LHX Form 4: Kubasik Exercises Options and Sells 40,138 Shares
Rhea-AI Filing Summary
Christopher E. Kubasik, Chair and CEO and a director of L3Harris Technologies (LHX), reported transactions dated 08/11/2025 involving company common stock. The filing shows a sale of 40,138 shares with weighted average sale prices reported in a range of $267.99 to $270.63. The report also discloses a non-qualified stock option position with an exercise price of $149.31 covering 40,138 shares (exercisable 06/29/2019, expiring 12/20/2027). The filing notes 30,000 shares held indirectly by a grantor retained annuity trust. All transactions were reported on a Form 4 signed by an attorney-in-fact.
Positive
- Timely insider disclosure by the Chair and CEO on Form 4, fulfilling Section 16 reporting requirements
- Option details disclosed: non-qualified option exercise price of $149.31 covering 40,138 shares with exercisable and expiration dates
Negative
- Reported disposition of 40,138 shares on 08/11/2025 with weighted average sale prices ranging $267.99–$270.63
- Form provides no explanatory detail within the filing about the reason for the sale or any associated trading plan
Insights
TL;DR: CEO reported exercise of options and a contemporaneous sale of 40,138 shares at roughly $268–$271 per share.

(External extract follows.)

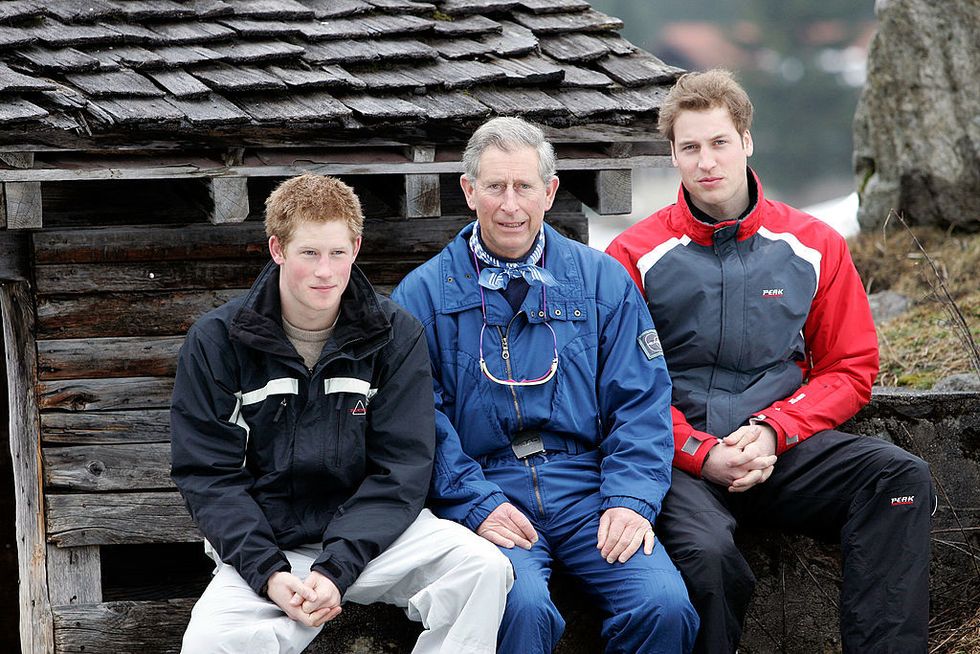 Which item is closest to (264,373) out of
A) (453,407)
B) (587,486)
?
(453,407)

The filing documents an option-related position with an exercise price of $149.31 for 40,138 shares alongside a reported disposition of the same number of shares on 08/11/2025. The disclosed sale prices ranged from $267.99 to $270.63, suggesting the transactions involved material cash proceeds relative to a single-day insider sale. The presence of exercised options and an associated sale is consistent with common executive liquidity events and option-exercise activity, but the filing contains no commentary on the purpose of the sale or any 10b5-1 plan designation.

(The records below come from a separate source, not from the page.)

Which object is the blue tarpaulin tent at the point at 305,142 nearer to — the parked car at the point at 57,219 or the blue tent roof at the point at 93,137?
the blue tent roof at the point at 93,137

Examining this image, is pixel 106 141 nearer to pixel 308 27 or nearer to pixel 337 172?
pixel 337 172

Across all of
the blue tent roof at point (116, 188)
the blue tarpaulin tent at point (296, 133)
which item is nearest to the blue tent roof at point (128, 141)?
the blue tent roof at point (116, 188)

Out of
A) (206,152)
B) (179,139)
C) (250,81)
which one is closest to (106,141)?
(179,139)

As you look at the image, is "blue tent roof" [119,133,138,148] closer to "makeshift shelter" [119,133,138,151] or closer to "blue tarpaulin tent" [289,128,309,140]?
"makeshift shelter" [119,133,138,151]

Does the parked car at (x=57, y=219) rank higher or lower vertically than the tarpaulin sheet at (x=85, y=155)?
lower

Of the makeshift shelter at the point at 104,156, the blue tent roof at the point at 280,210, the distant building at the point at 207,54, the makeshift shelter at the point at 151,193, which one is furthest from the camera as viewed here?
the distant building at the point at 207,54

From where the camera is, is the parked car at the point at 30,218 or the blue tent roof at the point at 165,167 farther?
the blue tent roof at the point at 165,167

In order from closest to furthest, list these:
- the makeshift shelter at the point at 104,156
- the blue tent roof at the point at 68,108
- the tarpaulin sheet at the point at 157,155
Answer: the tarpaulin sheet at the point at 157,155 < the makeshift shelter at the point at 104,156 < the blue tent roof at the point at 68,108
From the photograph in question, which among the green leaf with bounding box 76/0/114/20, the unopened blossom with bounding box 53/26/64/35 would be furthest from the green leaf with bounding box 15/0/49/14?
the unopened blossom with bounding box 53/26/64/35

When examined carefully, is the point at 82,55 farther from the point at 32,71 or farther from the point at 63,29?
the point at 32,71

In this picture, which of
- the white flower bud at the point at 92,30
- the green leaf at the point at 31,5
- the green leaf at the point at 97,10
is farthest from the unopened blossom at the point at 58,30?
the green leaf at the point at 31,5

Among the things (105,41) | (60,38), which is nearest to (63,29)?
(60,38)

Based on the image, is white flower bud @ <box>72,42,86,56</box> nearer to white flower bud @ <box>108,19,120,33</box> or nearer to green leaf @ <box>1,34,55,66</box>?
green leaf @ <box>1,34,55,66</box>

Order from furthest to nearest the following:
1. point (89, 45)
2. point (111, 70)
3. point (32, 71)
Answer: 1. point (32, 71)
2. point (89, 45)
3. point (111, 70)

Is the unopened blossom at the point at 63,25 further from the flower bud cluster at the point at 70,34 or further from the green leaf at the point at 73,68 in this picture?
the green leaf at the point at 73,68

TL;DR: Insider disclosure is complete and timely; transactions include option-related activity and indirect holdings in a trust.

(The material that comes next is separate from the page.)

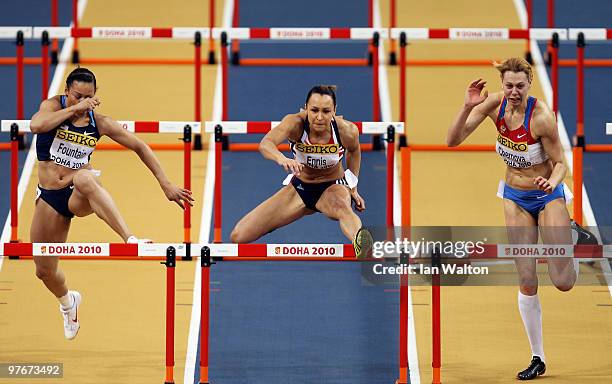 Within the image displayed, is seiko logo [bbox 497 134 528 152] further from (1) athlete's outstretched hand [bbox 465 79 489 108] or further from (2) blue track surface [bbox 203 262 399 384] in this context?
(2) blue track surface [bbox 203 262 399 384]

The Form 4 identifies Christopher Kubasik as both an officer (Chair and CEO) and director, and reports indirect ownership of 30,000 shares in a grantor retained annuity trust. The filing appears to disclose the material elements required under Section 16, including exercise price, exercisable and expiration dates for the non-qualified option. The form does not provide any additional governance context such as whether the sale was pre-planned or required by diversification needs, so governance implications must be judged on this factual disclosure alone.